怒りとは、自らの尊厳と期待が裏切られたと感じた瞬間に心という劇場で繰り広げられる内輪もめ。ほとんどの場合、自分の温度計が異常を示しているだけなのに、他人を焚きつけ、さらには場を炎上させる傾向がある。怒りを放置すれば思考は煙と化し、理性は灰と化す。人は怒りを糧に一時的な正義感を得るが、後に冷めた自己嫌悪という名の余韻を残すものだ。

独占欲 - どくせんよく

独占欲とは、相手の自由を奪い取り、自身の安全と安心を確保しようとする心理的な覇権宣言とも言える。愛や友情の甘美さを謳う一方で、他者を籠絡するための最も素朴な暴力を隠し味にする。
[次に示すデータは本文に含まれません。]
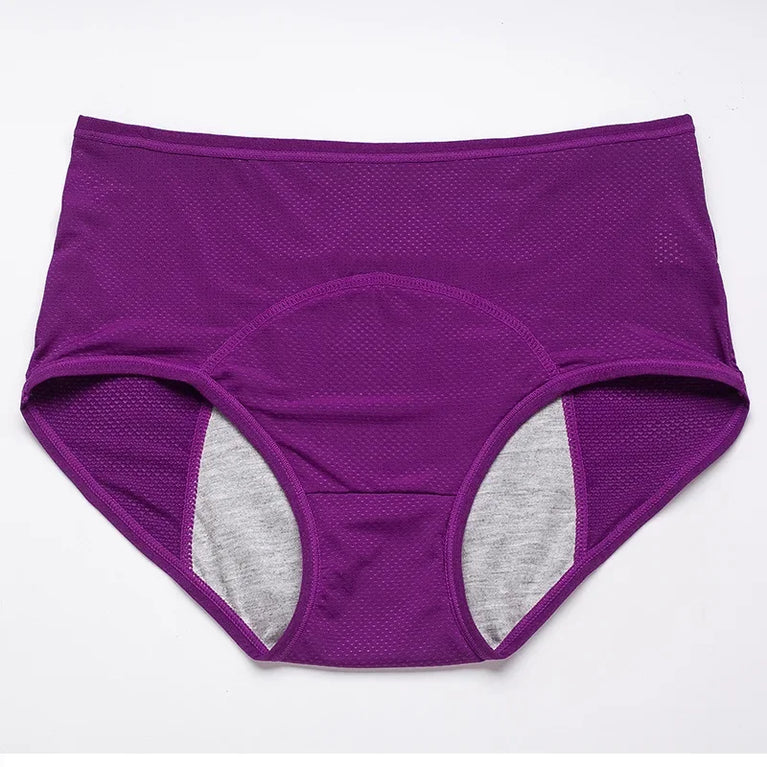 Physiological Briefs (2-Pack) – Mid-Rise Leak-Proof Menstrual Panties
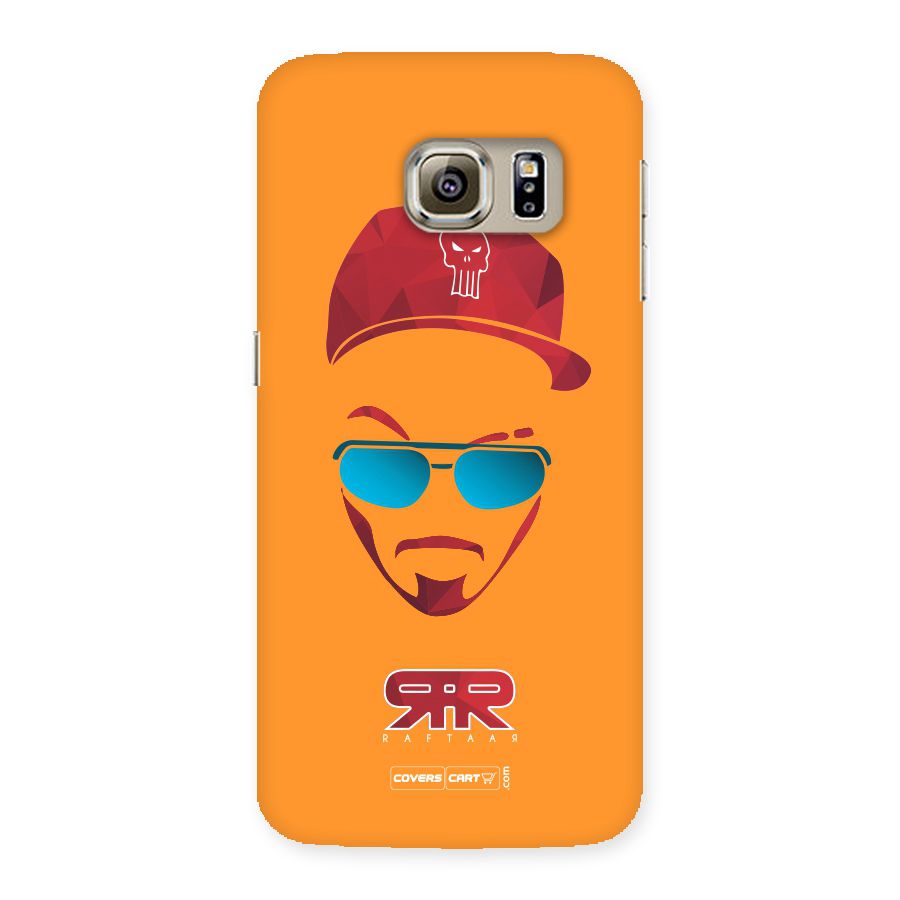 Raftaar Orange Back Case for Samsung Galaxy S6 Edge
誰かを守りたいと願いつつ、その実、鎖で縛りたいだけなのだ。

内なる促し - うちなるうながし

内なる促しとは、自己啓発本より声高に胸の奥底で「もっと頑張れ」と囁く存在。人はそれをモチベーションと呼ぶが、実際には罪悪感と焦燥という名の拷問器具に他ならない。成功のきっかけにも自己嫌悪の材料にも化け、まるで無言の教官のように人生のあらゆる選択をスケジュール化しようとする。やがて、それは絶え間ないタスクリストへと昇華し、終わりなき自助の祭壇を築き上げる。最後には「自分を愛せ」と説きながら、その重圧で身動きさえ否定する、究極のナルシシズム拷問具である。

内省 - ないせい

内省とは、自らの思考と感情に深く潜行し、答えなき問いを繰り返す怪しげな瞑想である。自己観察の名のもとに、思考は延々とループし、新たな決断はますます遠のく。専門家は成長の鍵と称するが、多くは自己嫌悪と他者批判の材料を量産する機械とも化す。深く見つめれば見つめるほど、鏡の中の自分はますます歪んで映るだけだ。最終的に残るのは〈質問〉ではなく、答えなき虚無感である。

認知 - にんち

認知とは、あたかも問題を把握したかのように宣言することで、実際には何も変わらない会議文化の華である。誰かが「認知しています」と言えば、他人はすぐさま責任から解放された気分に浸るが、行動は一切伴わないのが常。マーケティングでは、顧客が商品を知ったとみなす魔法の指標とされ、実態は誰も覚えていない広告費のドブ使いに過ぎない。社内リストに「認知済み」とスタンプを押すだけで、問題は棚上げされ、忘却の彼方へと旅立つ。不安定なものほど頻繁に認知され、安定したものほど忘れられる逆説がそこにはある。

否定的感情 - ひていてきかんじょう

否定的感情とは、自己と他者に向けられた不信と批判の特製ブレンドである。安心を求めて盾として掲げるほど、関係の隔たりを鮮やかに浮かび上がらせる。誰も頼まないのに群がるゲストのごとく、瞬時に心の空気を重苦しく染め上げる。責任転嫁の万能薬としても知られながら、結局は絆にひびを入れる悪質な小悪党だ。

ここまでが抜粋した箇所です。